## [DATASET ENTRIES]
=== Begin Enclosure ===

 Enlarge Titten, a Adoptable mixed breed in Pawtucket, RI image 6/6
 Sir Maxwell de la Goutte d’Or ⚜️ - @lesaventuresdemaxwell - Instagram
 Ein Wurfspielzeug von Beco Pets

=== End Enclosure ===
=== Begin Enclosure ===

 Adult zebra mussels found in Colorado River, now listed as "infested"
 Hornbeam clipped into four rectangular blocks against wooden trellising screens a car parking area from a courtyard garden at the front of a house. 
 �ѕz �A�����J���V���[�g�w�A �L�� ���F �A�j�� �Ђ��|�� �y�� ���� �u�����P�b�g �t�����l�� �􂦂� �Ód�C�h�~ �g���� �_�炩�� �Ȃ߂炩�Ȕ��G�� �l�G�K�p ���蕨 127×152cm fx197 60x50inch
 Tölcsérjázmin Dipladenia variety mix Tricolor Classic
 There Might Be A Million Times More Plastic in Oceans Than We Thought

=== End Enclosure ===

## [ACTIVITY]
Of all the entries above, repeat only the lines from the line that has "127×152cm fx197 60x50inch" to the line that has "There Might Be", both lines included, exactly.

## [SOLUTION TO THIS TASK]
 �ѕz �A�����J���V���[�g�w�A �L�� ���F �A�j�� �Ђ��|�� �y�� ���� �u�����P�b�g �t�����l�� �􂦂� �Ód�C�h�~ �g���� �_�炩�� �Ȃ߂炩�Ȕ��G�� �l�G�K�p ���蕨 127×152cm fx197 60x50inch
 Tölcsérjázmin Dipladenia variety mix Tricolor Classic
 There Might Be A Million Times More Plastic in Oceans Than We Thought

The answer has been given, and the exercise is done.